Oliver Sacks and the power of his words.

I read that Oliver Sacks died yesterday. I am aware many people might not know who he was. He was a neurologist and a writer. He became sick and died. He was aware this was about to happen. I read he was still playing piano, swimming and writing to his friends when life slipped away.
I am aware some of my scientist friends might feel he is too much of a media person.
I, on the other hand, am grateful for the words that I have read through my life that came from his books. Books that could be read by people like me. People who were not neurologists:)
I remember that when I suddenly could play piano better than I ever could before… Just after I lost neurones I thought about his book musicology.
I remember that when I could not even draw a clock to Dr. Getulio I thought about another one of his books.
I remember that when I could not recognise the keyboard, nor see things in front of me I thought about “the man who mistook his wife for an umbrella”.
So, I searched for his last article. I had read it months ago. I was moved than…   It is so beautiful….it is called “my own life”.
You don,t have to be a doctor to understand it. It is about life. His life.
So I share his and Hume’s words.
With love,

My Own Life

Oliver Sacks on Learning He Has Terminal Cancer

FEBRUARY 19, 2015

A MONTH ago, I felt that I was in good health, even robust health. At 81, I still swim a mile a day. But my luck has run out — a few weeks ago I learned that I have multiple metastases in the liver. Nine years ago it was discovered that I had a rare tumor of the eye, an ocular melanoma. The radiation and lasering to remove the tumor ultimately left me blind in that eye. But though ocular melanomas metastasize in perhaps 50 percent of cases, given the particulars of my own case, the likelihood was much smaller. I am among the unlucky ones.

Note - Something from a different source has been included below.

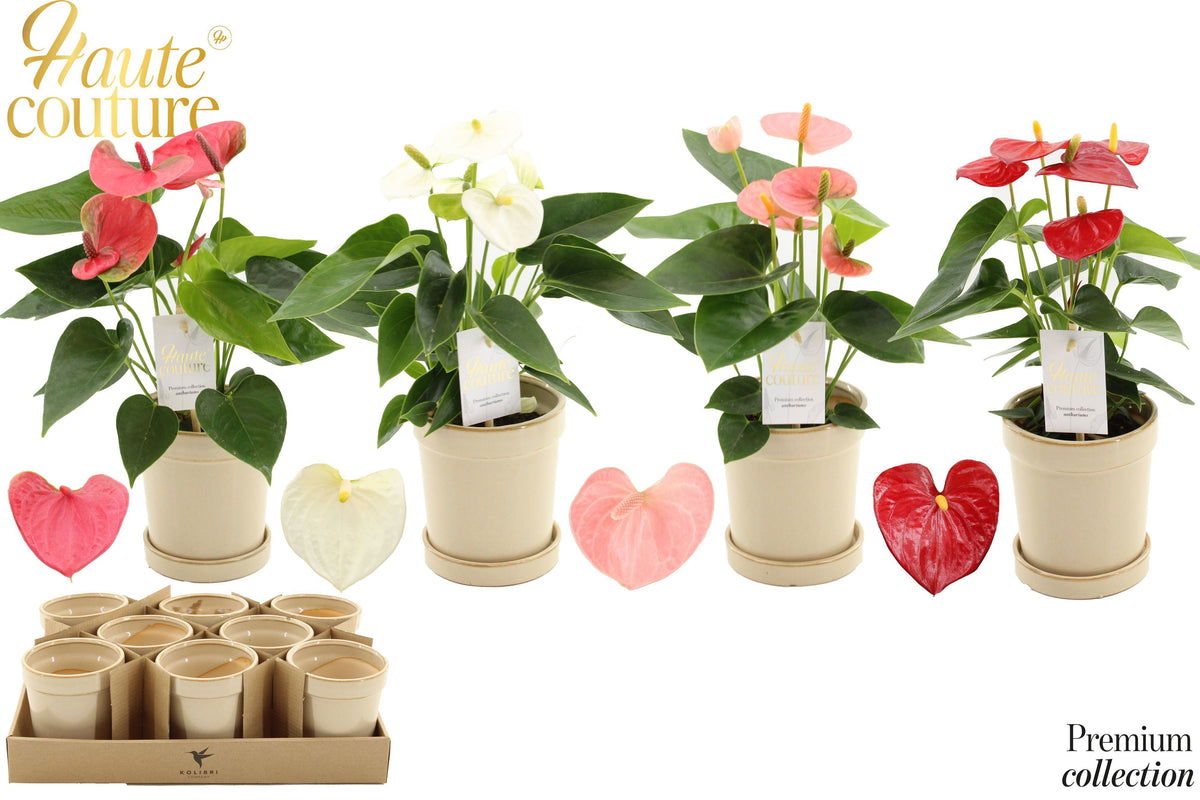 Anthurium mix 25cm 9cm Pot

I feel grateful that I have been granted nine years of good health and productivity since the original diagnosis, but now I am face to face with dying. The cancer occupies a third of my liver, and though its advance may be slowed, this particular sort of cancer cannot be halted.

It is up to me now to choose how to live out the months that remain to me. I have to live in the richest, deepest, most productive way I can. In this I am encouraged by the words of one of my favorite philosophers, David Hume, who, upon learning that he was mortally ill at age 65, wrote a short autobiography in a single day in April of 1776. He titled it “My Own Life.”

“I now reckon upon a speedy dissolution,” he wrote. “I have suffered very little pain from my disorder; and what is more strange, have, notwithstanding the great decline of my person, never suffered a moment’s abatement of my spirits. I possess the same ardour as ever in study, and the same gaiety in company.”